[Opening DATA SHOWN section]
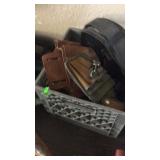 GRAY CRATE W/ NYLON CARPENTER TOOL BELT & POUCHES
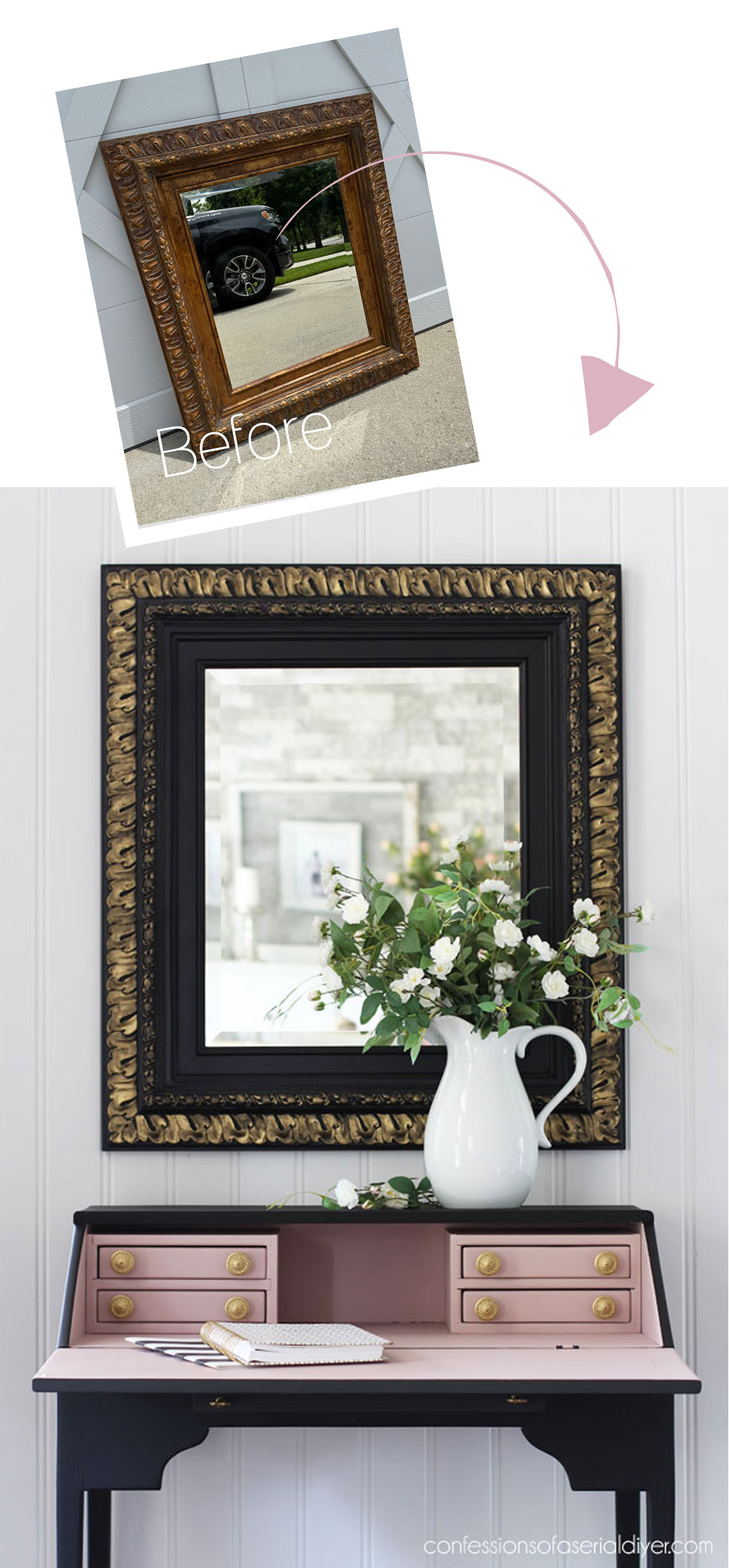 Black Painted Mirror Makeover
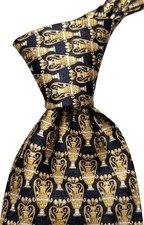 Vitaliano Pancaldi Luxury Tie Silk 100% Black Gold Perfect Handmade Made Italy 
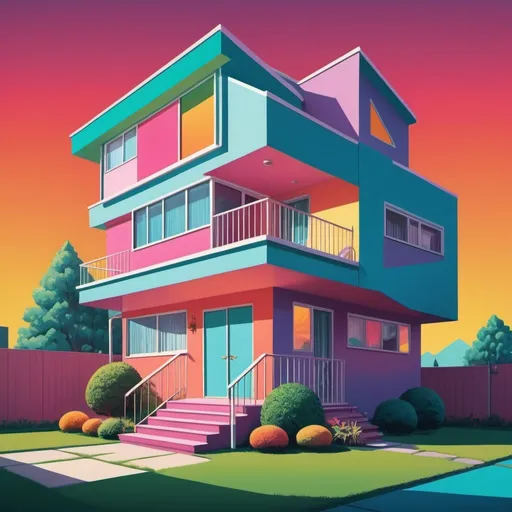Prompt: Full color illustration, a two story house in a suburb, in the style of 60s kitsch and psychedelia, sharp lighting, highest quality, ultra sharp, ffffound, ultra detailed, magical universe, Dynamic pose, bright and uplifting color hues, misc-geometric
[Closing DATA SHOWN section]
Could you transcribe the material above exactly, keeping every picture out?

(SOLUTION FOR THIS PROBLEM)
 GRAY CRATE W/ NYLON CARPENTER TOOL BELT & POUCHES
 Black Painted Mirror Makeover
 Vitaliano Pancaldi Luxury Tie Silk 100% Black Gold Perfect Handmade Made Italy 
Prompt: Full color illustration, a two story house in a suburb, in the style of 60s kitsch and psychedelia, sharp lighting, highest quality, ultra sharp, ffffound, ultra detailed, magical universe, Dynamic pose, bright and uplifting color hues, misc-geometric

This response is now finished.